───── DATASET EXTRACT ─────
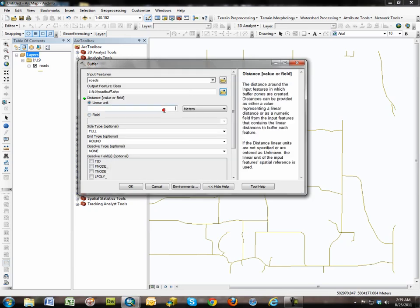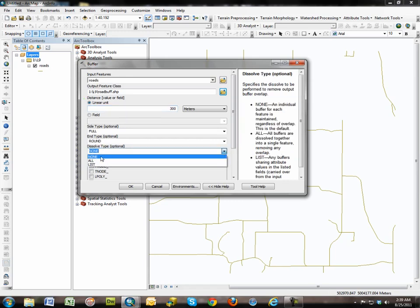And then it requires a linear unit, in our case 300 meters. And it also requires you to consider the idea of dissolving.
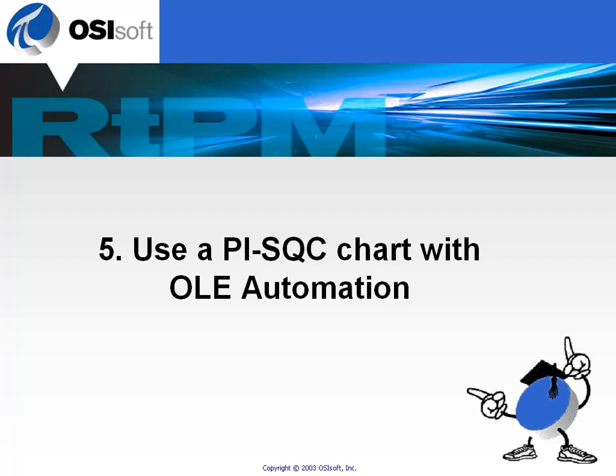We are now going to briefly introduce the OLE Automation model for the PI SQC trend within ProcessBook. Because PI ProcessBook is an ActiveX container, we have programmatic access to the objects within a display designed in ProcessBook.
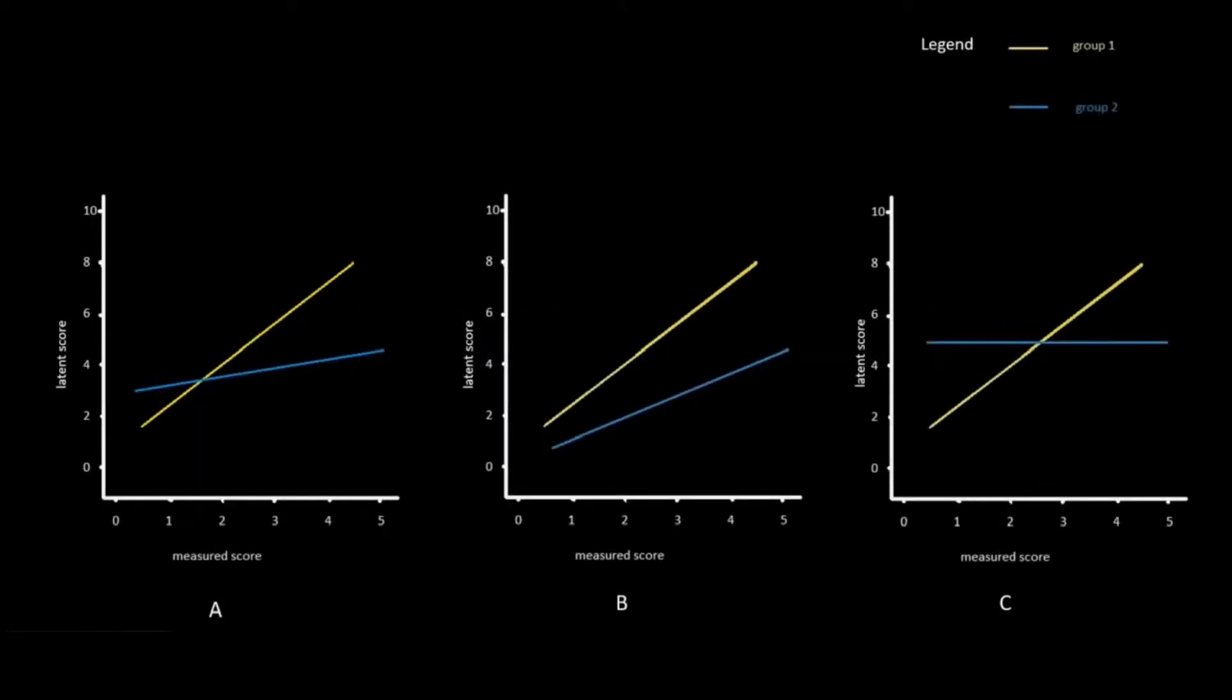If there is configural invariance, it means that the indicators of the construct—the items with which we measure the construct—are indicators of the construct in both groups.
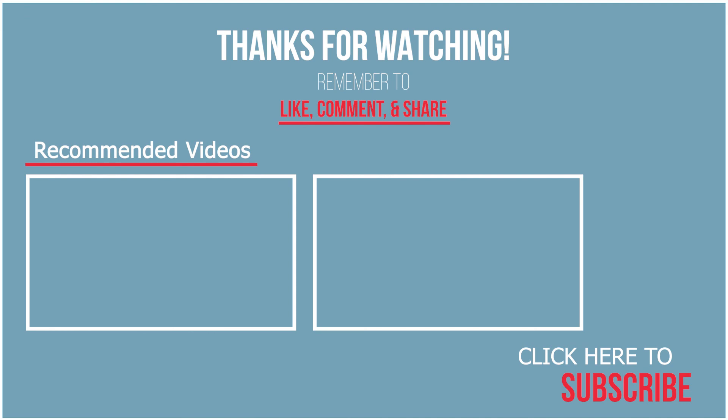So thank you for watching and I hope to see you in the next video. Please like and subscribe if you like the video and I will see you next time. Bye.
─────
───── DATASET EXTRACT ─────
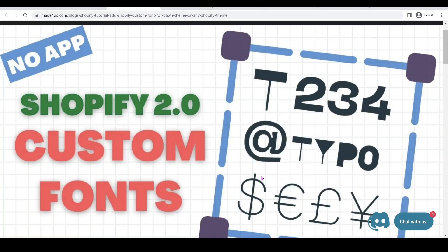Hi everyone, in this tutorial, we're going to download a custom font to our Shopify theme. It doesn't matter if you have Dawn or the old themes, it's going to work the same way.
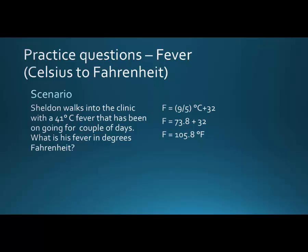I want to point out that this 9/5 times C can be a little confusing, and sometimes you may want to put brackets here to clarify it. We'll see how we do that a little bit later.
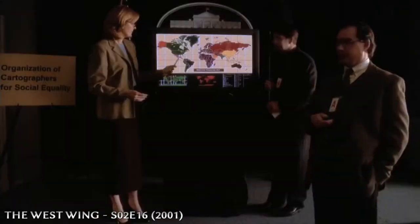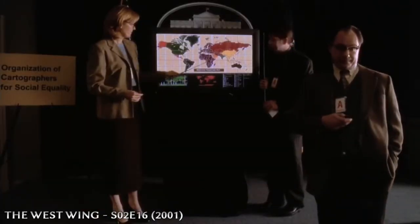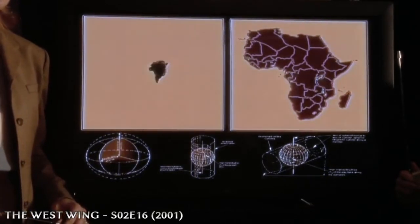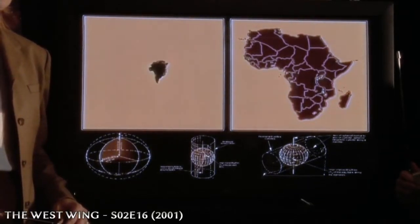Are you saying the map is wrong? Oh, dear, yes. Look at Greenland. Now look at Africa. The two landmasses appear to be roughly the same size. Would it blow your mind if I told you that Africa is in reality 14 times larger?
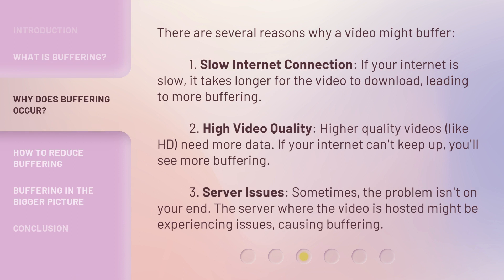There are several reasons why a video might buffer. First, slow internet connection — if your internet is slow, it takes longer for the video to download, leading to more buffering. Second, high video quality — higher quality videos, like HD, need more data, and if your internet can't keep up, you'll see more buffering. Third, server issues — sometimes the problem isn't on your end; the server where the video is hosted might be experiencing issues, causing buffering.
─────
## PROMPT
Up in the listing, locate the line with "If there is"; print it and every line after it down to the line with "So thank you", which is included too. Skip the pictures.

## SOLUTION TO THIS TASK
If there is configural invariance, it means that the indicators of the construct—the items with which we measure the construct—are indicators of the construct in both groups.
So thank you for watching and I hope to see you in the next video. Please like and subscribe if you like the video and I will see you next time. Bye.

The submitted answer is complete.